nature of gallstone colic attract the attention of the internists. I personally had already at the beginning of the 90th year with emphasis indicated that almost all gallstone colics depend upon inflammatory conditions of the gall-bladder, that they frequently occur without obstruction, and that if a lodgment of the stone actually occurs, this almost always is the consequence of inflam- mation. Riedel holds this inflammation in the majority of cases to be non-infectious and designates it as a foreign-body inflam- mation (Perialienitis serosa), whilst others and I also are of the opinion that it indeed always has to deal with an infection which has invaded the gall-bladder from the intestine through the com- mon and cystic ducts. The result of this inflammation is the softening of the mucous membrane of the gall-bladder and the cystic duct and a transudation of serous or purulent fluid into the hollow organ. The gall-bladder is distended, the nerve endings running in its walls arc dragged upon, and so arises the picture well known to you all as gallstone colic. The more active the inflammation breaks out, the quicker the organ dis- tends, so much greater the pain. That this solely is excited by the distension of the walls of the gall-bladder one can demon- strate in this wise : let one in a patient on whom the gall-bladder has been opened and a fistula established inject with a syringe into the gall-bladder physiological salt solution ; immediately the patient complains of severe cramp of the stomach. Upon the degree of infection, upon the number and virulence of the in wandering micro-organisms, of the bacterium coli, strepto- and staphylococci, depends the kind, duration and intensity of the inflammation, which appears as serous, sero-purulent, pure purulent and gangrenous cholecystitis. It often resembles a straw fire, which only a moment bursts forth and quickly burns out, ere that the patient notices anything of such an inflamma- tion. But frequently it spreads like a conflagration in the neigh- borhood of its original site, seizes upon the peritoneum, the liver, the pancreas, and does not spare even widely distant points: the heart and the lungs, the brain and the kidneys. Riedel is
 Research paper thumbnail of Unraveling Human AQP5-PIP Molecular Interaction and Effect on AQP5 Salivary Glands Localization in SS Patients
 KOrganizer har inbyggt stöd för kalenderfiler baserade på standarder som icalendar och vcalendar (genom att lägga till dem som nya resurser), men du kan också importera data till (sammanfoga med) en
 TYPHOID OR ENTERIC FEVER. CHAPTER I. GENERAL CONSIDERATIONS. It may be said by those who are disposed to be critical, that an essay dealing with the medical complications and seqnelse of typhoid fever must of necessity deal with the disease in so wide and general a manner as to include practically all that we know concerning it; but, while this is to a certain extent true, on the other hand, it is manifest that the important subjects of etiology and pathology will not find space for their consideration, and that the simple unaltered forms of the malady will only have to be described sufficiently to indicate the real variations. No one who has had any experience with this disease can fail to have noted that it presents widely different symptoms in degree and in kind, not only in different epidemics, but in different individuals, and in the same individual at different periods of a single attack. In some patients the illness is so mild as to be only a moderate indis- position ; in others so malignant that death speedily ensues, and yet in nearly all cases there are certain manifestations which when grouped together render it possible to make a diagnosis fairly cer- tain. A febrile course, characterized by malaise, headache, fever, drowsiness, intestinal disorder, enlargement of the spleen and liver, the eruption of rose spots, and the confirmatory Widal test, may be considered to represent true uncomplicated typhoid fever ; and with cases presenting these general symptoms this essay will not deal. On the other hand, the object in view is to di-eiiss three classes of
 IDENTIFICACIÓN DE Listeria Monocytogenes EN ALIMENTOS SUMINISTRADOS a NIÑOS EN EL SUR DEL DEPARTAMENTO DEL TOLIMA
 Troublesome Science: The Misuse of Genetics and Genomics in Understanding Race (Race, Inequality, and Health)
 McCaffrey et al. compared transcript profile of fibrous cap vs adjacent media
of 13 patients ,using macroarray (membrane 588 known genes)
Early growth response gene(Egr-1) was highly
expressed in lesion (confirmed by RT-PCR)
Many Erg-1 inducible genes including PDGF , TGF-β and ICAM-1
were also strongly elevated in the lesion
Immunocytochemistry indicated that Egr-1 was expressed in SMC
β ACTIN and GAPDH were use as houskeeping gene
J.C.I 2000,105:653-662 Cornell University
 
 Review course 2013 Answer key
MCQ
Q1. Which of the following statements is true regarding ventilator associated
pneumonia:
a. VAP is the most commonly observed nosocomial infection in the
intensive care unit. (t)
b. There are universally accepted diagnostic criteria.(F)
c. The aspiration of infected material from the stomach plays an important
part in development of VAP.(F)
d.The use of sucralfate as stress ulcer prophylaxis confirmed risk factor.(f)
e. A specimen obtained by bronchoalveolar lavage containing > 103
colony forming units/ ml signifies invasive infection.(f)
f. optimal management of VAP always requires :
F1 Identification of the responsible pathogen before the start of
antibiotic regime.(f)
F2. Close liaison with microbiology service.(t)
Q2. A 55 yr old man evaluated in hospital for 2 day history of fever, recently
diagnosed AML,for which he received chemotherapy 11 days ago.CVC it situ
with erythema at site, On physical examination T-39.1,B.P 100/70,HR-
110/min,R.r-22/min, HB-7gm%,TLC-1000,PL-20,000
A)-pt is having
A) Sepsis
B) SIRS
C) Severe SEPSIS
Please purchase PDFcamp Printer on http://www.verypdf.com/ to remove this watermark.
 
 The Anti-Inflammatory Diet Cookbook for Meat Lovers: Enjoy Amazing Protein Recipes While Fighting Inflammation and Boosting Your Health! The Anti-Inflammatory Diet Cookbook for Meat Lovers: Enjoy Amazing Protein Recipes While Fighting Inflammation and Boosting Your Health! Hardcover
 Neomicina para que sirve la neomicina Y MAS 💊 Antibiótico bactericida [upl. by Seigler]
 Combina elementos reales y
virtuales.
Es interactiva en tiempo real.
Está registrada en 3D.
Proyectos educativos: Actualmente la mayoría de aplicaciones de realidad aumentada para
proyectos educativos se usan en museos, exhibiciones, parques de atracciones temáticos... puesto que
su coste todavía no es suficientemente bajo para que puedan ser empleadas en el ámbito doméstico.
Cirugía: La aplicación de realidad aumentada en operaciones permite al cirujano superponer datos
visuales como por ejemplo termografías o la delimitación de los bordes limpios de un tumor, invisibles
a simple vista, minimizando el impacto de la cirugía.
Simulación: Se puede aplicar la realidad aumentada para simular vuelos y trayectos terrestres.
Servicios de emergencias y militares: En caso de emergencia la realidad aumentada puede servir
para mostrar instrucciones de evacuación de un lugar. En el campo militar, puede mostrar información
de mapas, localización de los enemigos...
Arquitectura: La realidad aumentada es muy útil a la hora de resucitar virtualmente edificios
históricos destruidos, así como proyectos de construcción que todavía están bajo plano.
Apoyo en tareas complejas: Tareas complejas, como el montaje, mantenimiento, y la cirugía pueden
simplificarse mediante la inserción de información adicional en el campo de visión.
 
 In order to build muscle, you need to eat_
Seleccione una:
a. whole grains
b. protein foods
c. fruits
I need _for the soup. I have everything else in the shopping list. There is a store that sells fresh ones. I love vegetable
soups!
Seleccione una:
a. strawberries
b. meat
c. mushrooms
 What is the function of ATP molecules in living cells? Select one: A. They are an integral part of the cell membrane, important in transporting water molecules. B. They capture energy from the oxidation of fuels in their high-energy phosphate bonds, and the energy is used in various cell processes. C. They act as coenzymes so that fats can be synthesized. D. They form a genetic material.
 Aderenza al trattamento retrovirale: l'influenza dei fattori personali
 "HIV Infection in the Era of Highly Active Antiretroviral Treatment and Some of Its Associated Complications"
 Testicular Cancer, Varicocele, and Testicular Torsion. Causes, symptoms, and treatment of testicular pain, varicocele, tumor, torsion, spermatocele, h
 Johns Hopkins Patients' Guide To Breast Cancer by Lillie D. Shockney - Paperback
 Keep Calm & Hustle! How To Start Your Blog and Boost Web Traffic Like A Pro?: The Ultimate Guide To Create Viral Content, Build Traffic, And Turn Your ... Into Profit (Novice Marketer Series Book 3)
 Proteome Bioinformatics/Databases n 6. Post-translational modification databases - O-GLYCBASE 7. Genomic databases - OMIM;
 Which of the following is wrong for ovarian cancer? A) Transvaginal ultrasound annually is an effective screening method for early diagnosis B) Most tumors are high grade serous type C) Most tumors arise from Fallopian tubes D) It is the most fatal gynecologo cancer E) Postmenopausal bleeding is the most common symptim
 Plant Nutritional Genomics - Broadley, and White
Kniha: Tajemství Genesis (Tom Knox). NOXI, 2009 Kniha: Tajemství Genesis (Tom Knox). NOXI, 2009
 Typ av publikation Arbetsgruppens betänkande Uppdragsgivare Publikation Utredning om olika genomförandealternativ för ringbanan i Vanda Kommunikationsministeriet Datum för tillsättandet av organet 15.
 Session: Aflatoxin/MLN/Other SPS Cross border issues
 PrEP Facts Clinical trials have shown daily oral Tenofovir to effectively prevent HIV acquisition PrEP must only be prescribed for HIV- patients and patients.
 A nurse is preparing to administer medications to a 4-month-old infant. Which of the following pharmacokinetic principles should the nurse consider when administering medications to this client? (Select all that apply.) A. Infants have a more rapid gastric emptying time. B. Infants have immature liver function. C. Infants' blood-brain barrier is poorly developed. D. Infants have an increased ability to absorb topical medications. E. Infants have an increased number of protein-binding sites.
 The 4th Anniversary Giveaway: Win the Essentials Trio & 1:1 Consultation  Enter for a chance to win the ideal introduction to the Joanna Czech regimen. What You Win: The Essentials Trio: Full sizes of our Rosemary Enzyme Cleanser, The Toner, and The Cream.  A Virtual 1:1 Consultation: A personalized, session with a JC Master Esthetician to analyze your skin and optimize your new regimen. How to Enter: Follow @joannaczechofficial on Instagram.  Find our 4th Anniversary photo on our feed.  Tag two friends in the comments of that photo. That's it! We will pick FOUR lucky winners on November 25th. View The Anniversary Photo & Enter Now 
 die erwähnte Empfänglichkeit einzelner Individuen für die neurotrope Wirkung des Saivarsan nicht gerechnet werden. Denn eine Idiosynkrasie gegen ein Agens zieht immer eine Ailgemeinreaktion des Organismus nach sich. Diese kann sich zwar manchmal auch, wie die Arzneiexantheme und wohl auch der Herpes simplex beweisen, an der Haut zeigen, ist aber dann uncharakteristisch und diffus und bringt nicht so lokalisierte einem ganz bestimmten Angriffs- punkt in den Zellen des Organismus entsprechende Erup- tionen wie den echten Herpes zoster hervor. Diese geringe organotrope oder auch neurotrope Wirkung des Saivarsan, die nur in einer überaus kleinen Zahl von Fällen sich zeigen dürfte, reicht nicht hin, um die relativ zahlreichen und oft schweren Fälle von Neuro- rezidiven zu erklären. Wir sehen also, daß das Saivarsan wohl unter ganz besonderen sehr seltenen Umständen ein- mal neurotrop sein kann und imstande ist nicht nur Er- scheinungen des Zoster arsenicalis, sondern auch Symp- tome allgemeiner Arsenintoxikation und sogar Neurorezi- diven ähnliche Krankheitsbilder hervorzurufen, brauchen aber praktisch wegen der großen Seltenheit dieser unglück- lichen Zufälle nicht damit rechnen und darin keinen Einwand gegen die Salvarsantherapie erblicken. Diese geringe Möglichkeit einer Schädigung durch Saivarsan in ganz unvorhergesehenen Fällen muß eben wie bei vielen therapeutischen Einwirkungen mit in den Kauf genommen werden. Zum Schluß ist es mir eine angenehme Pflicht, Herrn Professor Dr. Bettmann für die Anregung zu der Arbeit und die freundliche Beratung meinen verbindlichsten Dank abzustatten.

## Exercise
In the listing above, find the line containing "110/min,R.r-22/min, HB-7gm%,TLC-1000,PL-20,000" and the line containing "históricos destruidos, así", then repeat those two lines and everything between them exactly.

## Answer to the exercise
110/min,R.r-22/min, HB-7gm%,TLC-1000,PL-20,000
A)-pt is having
A) Sepsis
B) SIRS
C) Severe SEPSIS
Please purchase PDFcamp Printer on http://www.verypdf.com/ to remove this watermark.
 
 The Anti-Inflammatory Diet Cookbook for Meat Lovers: Enjoy Amazing Protein Recipes While Fighting Inflammation and Boosting Your Health! The Anti-Inflammatory Diet Cookbook for Meat Lovers: Enjoy Amazing Protein Recipes While Fighting Inflammation and Boosting Your Health! Hardcover
 Neomicina para que sirve la neomicina Y MAS 💊 Antibiótico bactericida [upl. by Seigler]
 Combina elementos reales y
virtuales.
Es interactiva en tiempo real.
Está registrada en 3D.
Proyectos educativos: Actualmente la mayoría de aplicaciones de realidad aumentada para
proyectos educativos se usan en museos, exhibiciones, parques de atracciones temáticos... puesto que
su coste todavía no es suficientemente bajo para que puedan ser empleadas en el ámbito doméstico.
Cirugía: La aplicación de realidad aumentada en operaciones permite al cirujano superponer datos
visuales como por ejemplo termografías o la delimitación de los bordes limpios de un tumor, invisibles
a simple vista, minimizando el impacto de la cirugía.
Simulación: Se puede aplicar la realidad aumentada para simular vuelos y trayectos terrestres.
Servicios de emergencias y militares: En caso de emergencia la realidad aumentada puede servir
para mostrar instrucciones de evacuación de un lugar. En el campo militar, puede mostrar información
de mapas, localización de los enemigos...
Arquitectura: La realidad aumentada es muy útil a la hora de resucitar virtualmente edificios
históricos destruidos, así como proyectos de construcción que todavía están bajo plano.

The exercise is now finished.